Şarkı: Autumn Leaves ~BTS
•
Tipik bir sonbahar günüydü. Evde durmaktan sıkılmış, elime defterimi ve kalemimi alıp parka doğru olan yolumu tutmuştum. Dışarı çıktığımda rüzgardan önüme düşen saçlarımı geriye atıp yoluma devam etmiştim. Parka vardığımda her şey aynı gibiydi, her zamanki gibi oyun parkında oynayan çocuklar, etrafta uçuşan kuşlara yem veren teyzeler ve ben vardım. Eskiden buraya her gün gelirdim ama annemi kaybettiğimden beri ağır depresyona girmiş, hiç evden dışarı çıkmamıştım.Evet, annemi kaybettim, 3 ay önce kanser sebebiyle hayatını kaybetti, onu çok özlüyorum ama 2 ay boyunca gittiğim psikolog bana artık geçmişe değil geleceğe bakmayı öğretti. Hala ara sıra aklıma gelince duygusallaşıp ağlıyorum ama psikoloğum bunun da zamanla geçeceğini söyledi.
Aklımdaki üzgün düşüncelerden kurtulup, gözüme kestirdiğim banka oturdum ve bir şeyler karalamaya başladım. Her zamanki gibi gökyüzünü çiziyordum.
Gökyüzü, hayatımda gördüğüm en güzel şey olabilir kendisi. Gerektiğinde içimizi ısıtan güneş, gerektiğinde bitkileri sulayan yağmur veya her zaman küçük çocukları eğlendiren kar... Bunun gibi her şey hep gökyüzünden geliyor. Aynı zamanda insanlar Tanrı'ların da gökyüzünde bir yerde yaşadığını düşünüyor, bu...büyüleyici bir şey.
Düşüncelere dalmış resmimi çizerken, karşımdaki çocuk gözüme takıldı. Açık kahverengi, saçları, burnuyla orantılı kahverengi gözleri, küçük dudakları vardı, dudağının altındaki ben tam yerine oturmuştu. Ortalama 20 yaşında gibi görünüyordu. Açık konuşmak gerekirse bir tavşanı andırıyordu, şirin.
Resmimi bırakıp çocuğu izlemeye başladım. Müzik dinliyordu, ve gökyüzünü izliyordu. Onu izlemeye dalmışken bir anda sert bir rüzgar esti, pek umursamayıp çocuğu izlemeye devam ettim, rüzgarın etkisiyle kabanın içine iyice girmiş, aynı zamanda önünü kapatmıştı.
Çocuğu yaklaşık 1 saat boyunca izlemiştim, ama sonra kardeşlerimin evde tek başına kaldığını hatırlayıp eve dönmek zorunda kalmıştım. Anladığınız gibi 2 kardeşim var. Eon Jin ve Jeong Gyu, ikizler ve 10 yaşındalar, yani aslında evde tek başlarına kalabilirler ama yemek yapmayı bilmiyorlar ve akşam yemeği saati geldi.
Büyük ihtimalle hepinizin sorduğu bir soru var; babam nerede?

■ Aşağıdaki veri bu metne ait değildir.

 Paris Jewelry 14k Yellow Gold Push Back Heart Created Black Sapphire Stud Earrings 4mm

Babam hala yaşıyor ama annemin ölümünden sonra aklını kaybetti ve psikologlar onun akıl hastanesine gitmesi gerektiğini söyledi. Durumu kötü olduğu için ayda sadece 2 kere ziyarete gidebiliyoruz. Yaşamak için yeteri kadar paramız var ama ne olur ne olmaz diye ben bir iş bulana kadar çizdiğim resimleri satıyoruz.
Eve geldiğimi farkettiğimde aklımdaki düşüncelerimi bırakıp kapıyı açmamla beraber üstüme iki tane küçük canavarın atlamasıyla yere yapıştım.

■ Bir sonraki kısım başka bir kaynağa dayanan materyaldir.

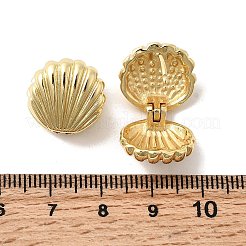 シェル型の真鍮フープピアス  ラックめっき  鉛フリー＆カドミウムフリー  長持ちメッキ  18KGP本金メッキ  14.5x15x15mm&nbsp;EJEW-Z149-01G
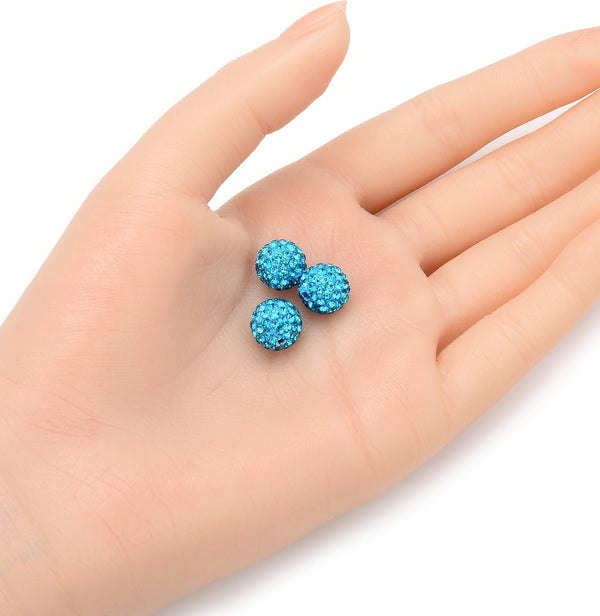 25pcs Adabele Grade AA+ Suncatcher Crystal Rhinestone Pave Polymer Clay Beads, Aquamarine Blue, Size Selections: 8mm/10mm/12mm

Eon Jin: Oppaaa, çok acıktım, yemekte ne var?
Ben: Evde ne olduğuna bakmam gerek önce...
Jeong Gyu: Hyung, canım çok ddeokbokki çekti, yapabilir misin? Lütfeen.
Ben: Evde var sanırım, içeri geçelim de yapabileyim.İçeri geçtik ve ddeokbokkileri yapmaya başladım.

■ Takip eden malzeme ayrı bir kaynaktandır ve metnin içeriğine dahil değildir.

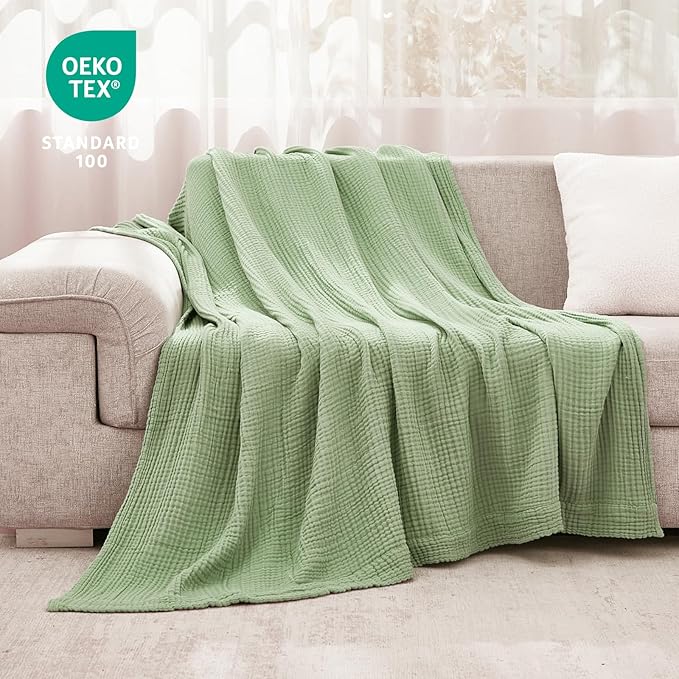 EMME Cotton Blanket Twin XL for Bed Soft Muslin Blankets 66"x90" Lightweight Breathable Layering Bedspread Coverlet All Season Gauze, Sage Green-Ruum Studio Home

İki katlı bir evde yaşıyorduk, ilk katta salon, mutfak ve tuvalet vardı, ikinci katta ise yatak odalarımız.
Ddeokbokkilerin pişmesi ile her zamanki gibi düşüncelerimi bir kenara koyup, ddeokbokkileri tabaklara yerleştirdim ve küçük canavarları çağırdım.Yemeklerimiz bitince, mutfağı toplayıp saate baktım, 22:30... Artık küçük canavarların uyuması gerekliydi. Onları yatırdıktan sonra ben de yatağıma yatıp düşünmeye başladım, yani parktaki çocuğu. Niye bu kadar dikkatimi çekmişti, niye aklımdan çıkmıyordu?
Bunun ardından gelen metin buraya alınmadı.